▶ TASK PROMPT: Every line of the material below should be output exactly as written, with the images skipped.

▶ GIVEN MATERIAL:
------------------------

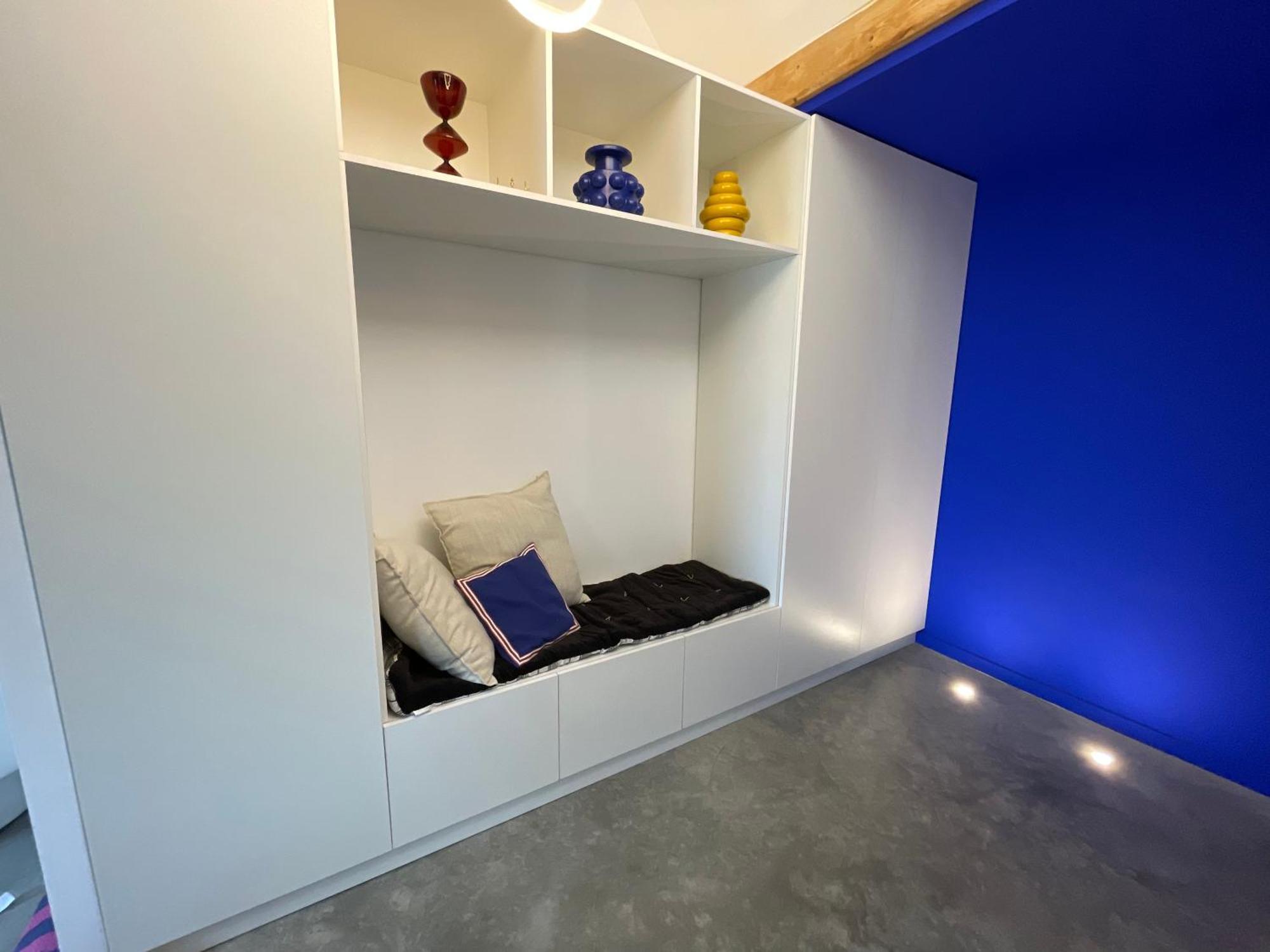 Moderne Dominant La Pontarlier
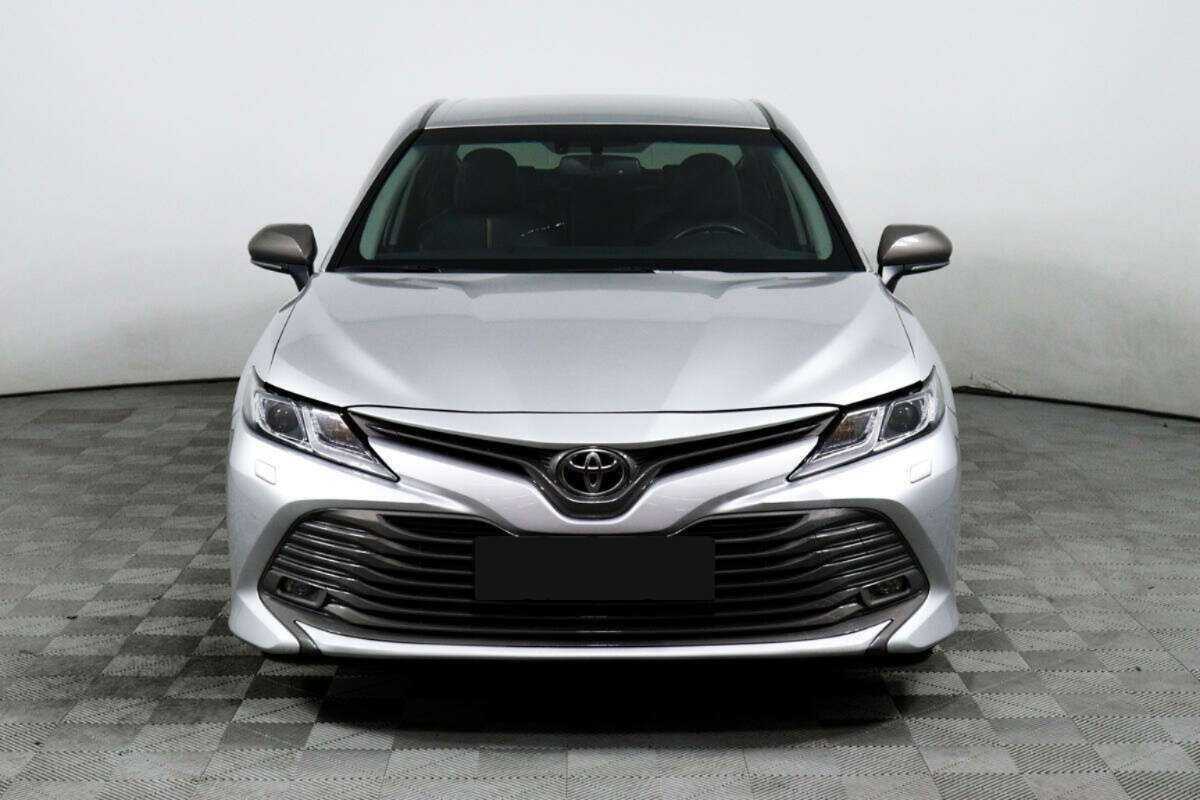 Купить Toyota Camry с пробегом. Фото: #1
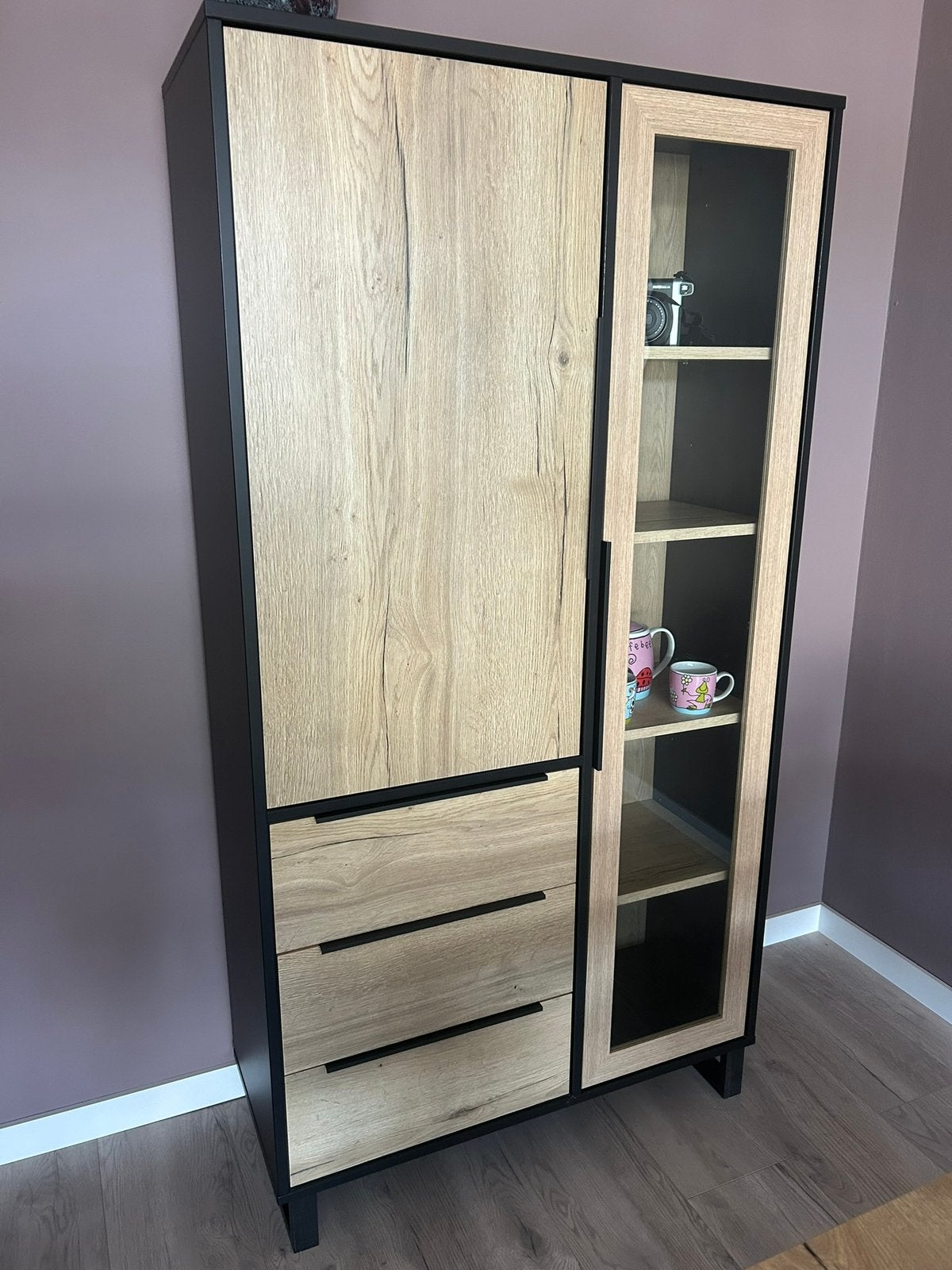 Vitrine kast Zundert, Huis en Inrichting, Kasten | Vitrinekasten, Ophalen, Overige materialen, Met deur(en), 50 tot 100 cm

------------------------

▶ RESULT:
 Moderne Dominant La Pontarlier
 Купить Toyota Camry с пробегом. Фото: #1
 Vitrine kast Zundert, Huis en Inrichting, Kasten | Vitrinekasten, Ophalen, Overige materialen, Met deur(en), 50 tot 100 cm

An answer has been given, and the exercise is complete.